A workshop on transforming Australia’s resource and energy governance is happening at Flinders University in Adelaide this week, 26–27 September 2019.
The workshop brings together leading scholars nationally on environmental politics and policy to consider ways forward on resource and energy governance.
It addresses the unprecedented challenges to Australia’s systems of resource and energy governance. As environmental change intensifies, affecting multiple aspects of Australia’s economy and society, clear-sighted analysis of possibilities for transforming environmental governance is needed. However, prospects for transformation depend on addressing major political and policy barriers, including high degrees of party polarisation on climate change, and complex federal-state relationships on transboundary environmental systems such as the Murray-Darling Basin. These barriers in turn raise important questions for research, including what theories and methods are suited to explaining stasis and change in these areas, and what modes of governance are capable of bringing about democratically legitimate and just transformations.

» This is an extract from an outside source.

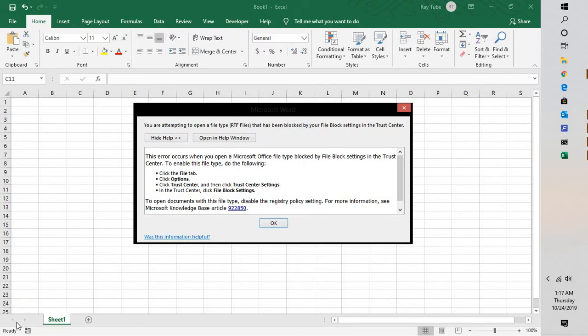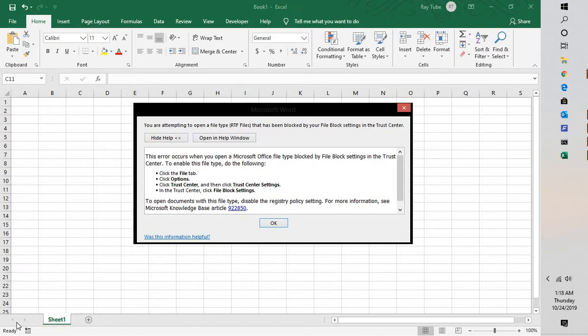Good day everyone, you're watching Rachel Fixes. In this video, I'm going to walk you through a quick fix in case you're getting an error message when trying to open an Office file. The file is blocked by the registry policy settings, or you might get the error message you see on the screen. In order to fix the problem, you will have to follow these quick, easy steps.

The event brings together policy practitioners and Australia’s leading scholars of environmental, energy and resource policy in order to map out the historical and contemporary challenges and possibilities for governing sustainably. The workshop addresses the past, present and future of environmental governance:
- What are the origins of environmental, resource and energy policy failures and successes in Australia?
- What dynamics shape today’s governance regimes?
- How can existing modes of governance be transformed to grapple with the intensifying environmental change in Australia’s society-economy?
Workshop presenters and participants also include attendees from Lock the Gate, the Australia Institute and The Department of Environment and Water (SA).
The workshop is convened by Cassandra Star (Flinders University), Jonathan Pickering (University of Canberra) and Rebecca Pearse (University of Sydney), hosted by the Climate and Sustainability Policy Research Group (CASPR) and the Democratic Futures research theme at Flinders University.
This workshop is funded by the Australian Political Studies Association (APSA).